You can use whatever program you want to write syntax (OpenRefine, R, Stata, SPSS, SAS, SQL, etc.). If you review the trainings available through Data Carpentry you’ll see that most of their data management workshops use SQL, OpenRefine, R, or Python (all open source).
If I haven’t sold you on using syntax yet, here are a few horror stories of manually cleaning data (based off of real life events):
1. A colleague is in charge of cleaning data for project-a. At the end of a data collection wave, the colleague sends you clean data. Yet when reviewing it you find three small errors in the data they send you.
These all seemed like quick changes you could make very easily in a point and click interface, so you did. Then you saved that dataset as the final clean dataset. However, a month later, your colleague found an error in the data they sent you, and they send you a revised clean dataset.
This is the process you go through:
You did not document the changes you made to the prior dataset (either via syntax or even in a README_versioning file). Therefore, you had to do your best to remember what changes you had made to see if you needed to make them again, potentially leaving errors in the data if you forgot a step.
After checking the data and discovering that the changes you had previously made to the data had still not been corrected in this new file, you had to make all the changes to the new data again. This time, you write all the updates in syntax! This allows you to document your changes, as well as saves you from having to re-do all of your point and click work again in the future if you ever received another updated file. You can just run your syntax in a matter of seconds.
2. You download two Excel files that need to be appended (they have the same variables). In an attempt to move quickly, you decide to append the files by cutting all the rows from one file and pasting them below the rows of the other file. You then save this data as your complete dataset. At a later point when you are running some descriptive summaries on the data, you notice ranges for some of your variables are incorrect. You go back to your two original files (luckily you saved both original files as “raw” data). You do some detective work and discover that the order of the columns in each file are not identical so when you pasted data from one file to the other, the values did not correctly align. To correct this, you write syntax where you bind the two raw data files using a function that matches files based on column names.

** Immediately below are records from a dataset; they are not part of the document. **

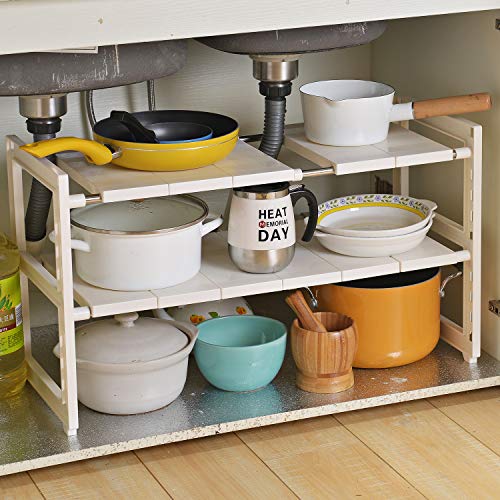 Organizador extensible para debajo del fregadero, 2 niveles, multifuncional con estantes extraíbles y tubos de acero para cocina, baño y jardín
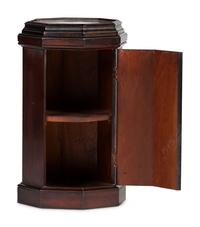 A Federal Style Sailor's Valentine Inset Mahogany Octagonal Pot Cupboard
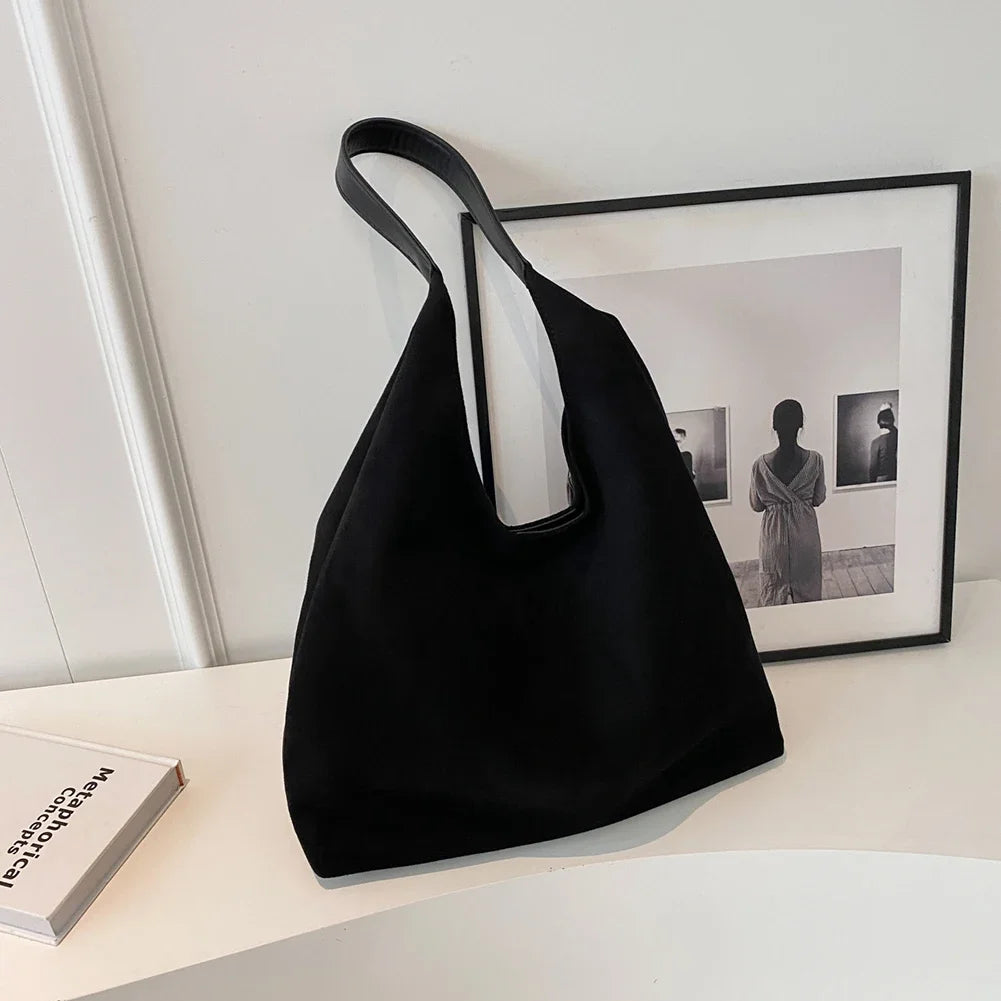 Women Suede Shoulder Bag Retro Single Shoulder Bag Large Capacity Trendy Work Handbag Stylish Vintage Hobo Bag Top Handle Bag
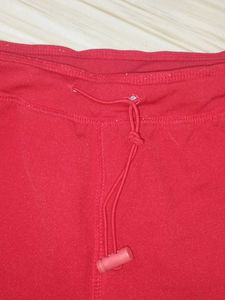 Red Cargo Pants with Side Stripes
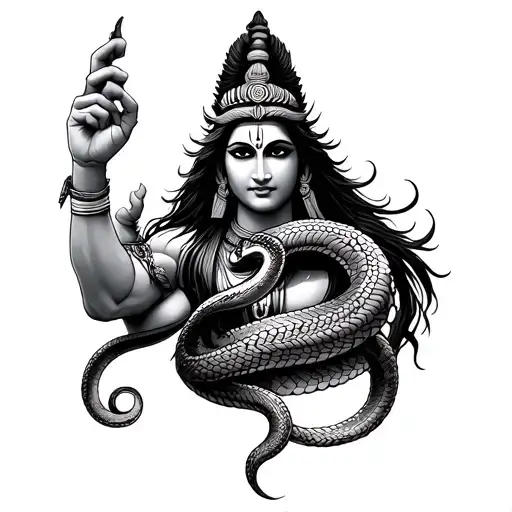 Shiva With Snake Forearm Tatto Wrapping Forearm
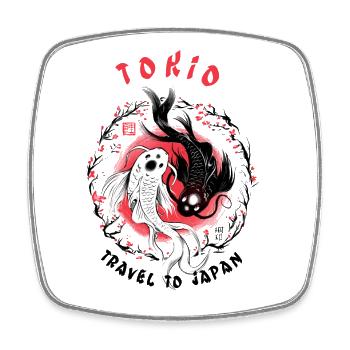 Tokyo Japan Koi Fish - Square fridge magnet - white - Front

3. A school district sends you a data file that you have requested. You know you only need this data for a one time report so you decide to start doing your manipulations in the raw data, by hand. You save this data, use it for your report, and then plan to never see it again. A year later, your coworker actually needs that data for another report. When that coworker starts digging around in the data, they find errors (values out of range and so forth). However, with no documentation of your changes, no syntax, and no raw data, there is no way to know how to fix the data. The data is rendered useless.